In 2024, the call center industry continued to evolve, but one metric remained consistently at the forefront: First Call Resolution (FCR). As one of the most critical key performance indicators (KPIs) in the call center industry, FCR measures a call center's ability to resolve customer issues or answer questions during the first interaction. Not only does FCR have a direct impact on customer satisfaction, but it also plays a pivotal role in improving operational efficiency and reducing costs.
In this blog, we will explore the 2024 FCR benchmark results across various industries, highlighting trends, challenges, and advancements. Whether you're in retail, telecommunications, healthcare, or any other sector, the goal is to help you understand where your call center stands and how you can enhance FCR to better serve your customers.
What is a Good FCR Rate?
Before diving into the 2024 FCR benchmark results by industry, it’s important to understand what constitutes a “good” FCR rate. First Call Resolution (FCR) is a metric that measures whether a customer's issue is resolved during their first interaction with the call center, eliminating the need for a follow-up call.
Based on years of research and benchmarking, SQM Group has found that a good FCR rate typically falls between 70% and 79%. Call centers achieving FCR rates within this range are performing well. These centers have established efficient processes, quality agent training, and effective problem-solving strategies that resolve most issues on the first call.
However, call centers aspiring to achieve world-class performance aim for an FCR rate of 80% or higher. This standard is difficult to attain, but those who do reach it reap significant rewards in terms of customer satisfaction, loyalty, and reduced operational costs. In fact, SQM research shows that every 1% improvement in FCR can result in $286,000 in annual savings for a typical midsize call center.
To put your FCR performance into perspective, it’s helpful to benchmark against industry peers. By comparing your call center’s FCR rate to that of other organizations in the same sector, you can identify whether you’re meeting industry standards or if there are areas for improvement. It’s also essential to consider world-class call centers, as their processes, technologies, and strategies can serve as inspiration for achieving top-tier results.
While there is no universal FCR “perfect score,” call centers should strive to meet the standards set within their own industry, keeping in mind that different industries have different challenges. For instance, retail call centers may see higher FCR rates due to less complex calls, whereas telecommunications or technical support centers may face more complex issues that require longer handling times and specialized expertise.
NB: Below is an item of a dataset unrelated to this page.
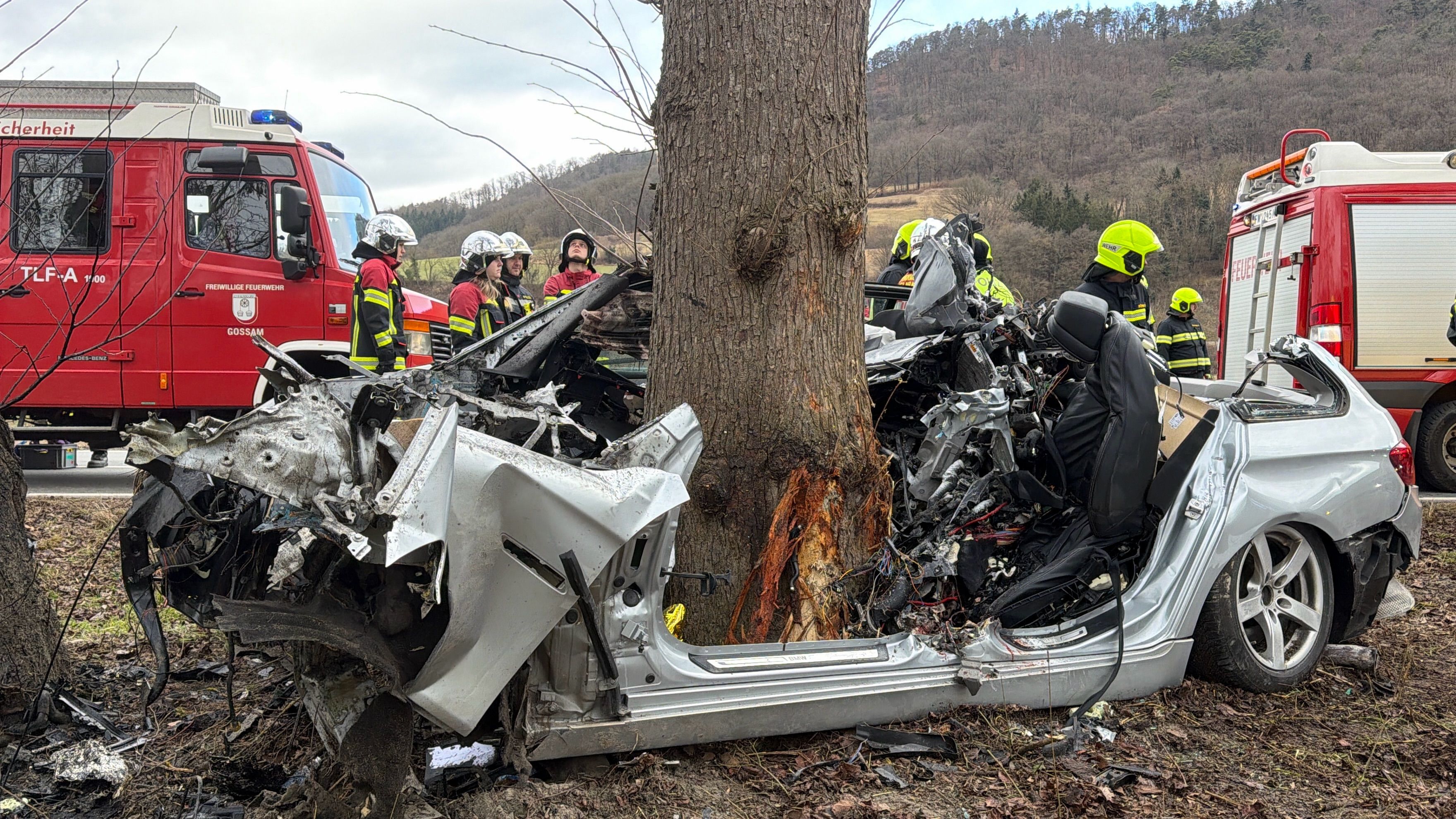 Crash gegen Baum in NÖ fordert ein Todesopfer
Our FCR benchmark research shows that only 5% of call centers perform at the world-class FCR rate standard of 80%. World-class performing call centers create higher customer referrals and retention. For example, every 1% improvement in the FCR rate increases the interactional Net Promoter Score by 1.4 points for the average call center. Furthermore, when FCR is achieved, 95% of customers will continue to do business with the organization. In general, the higher the FCR rate, the better.
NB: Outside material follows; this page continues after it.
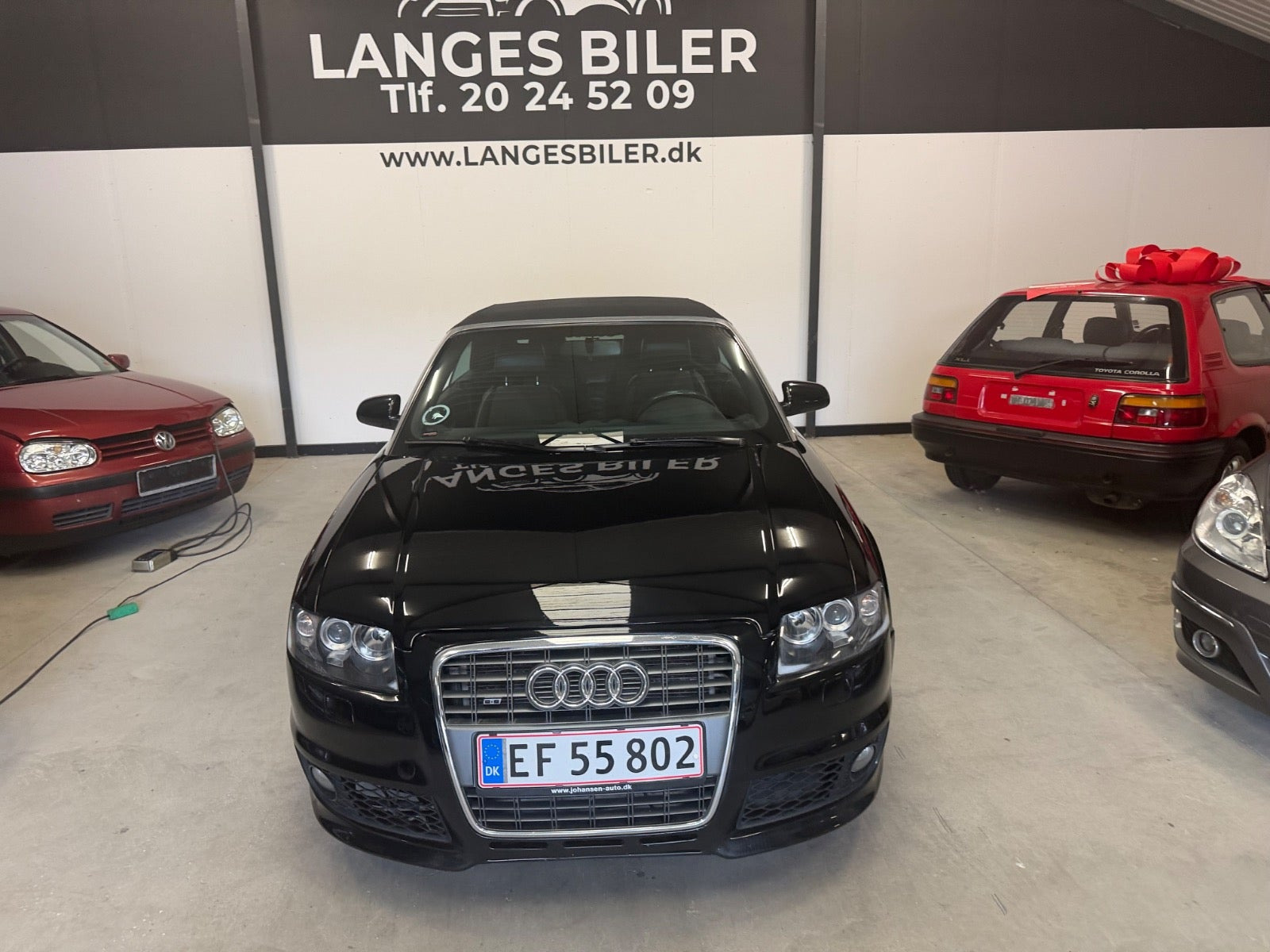 Sort Audi A4 fra 2004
In the following sections, we will delve into the 2024 FCR benchmarking results across different industries, highlighting key trends, challenges, and areas where call centers can improve.
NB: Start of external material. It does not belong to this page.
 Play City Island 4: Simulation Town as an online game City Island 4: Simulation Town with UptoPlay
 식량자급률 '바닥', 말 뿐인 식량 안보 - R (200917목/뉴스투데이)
2024 FCR Benchmark by Industry
Understanding FCR performance across different industries is crucial for identifying strengths and weaknesses in your call center. The FCR rate can vary significantly depending on the complexity of the calls, the technology used, and the resources available to agents.
For over 25 years, SQM Group has been at the forefront of measuring, benchmarking, and tracking First Call Resolution (FCR) to help top North American call centers enhance customer service and FCR performance. We annually benchmark FCR rates for over 500 leading North American call centers using a Voice of the Customer (VoC) approach, which is recognized as the gold standard for accurate and consistent FCR measurement.
To ensure the reliability and relevance of our benchmarks, we follow a highly standardized approach when measuring FCR across all participating centers. This method allows call center managers to make meaningful comparisons between their own performance and that of their industry peers, as well as world-class call centers. Here’s an overview of the practices we use to ensure the accuracy and usefulness of our FCR benchmarks:
- FCR benchmarks are compared across industry peers, averages, and world-class North American call centers.
- High-level metrics on call center FCR and repeat call rates are provided.
- The FCR rate is calculated based on two customer survey questions during our external post-call surveys.
- Only inbound customer service call centers are included in our benchmarking data.
- We include only industries with more than 10 call centers being benchmarked.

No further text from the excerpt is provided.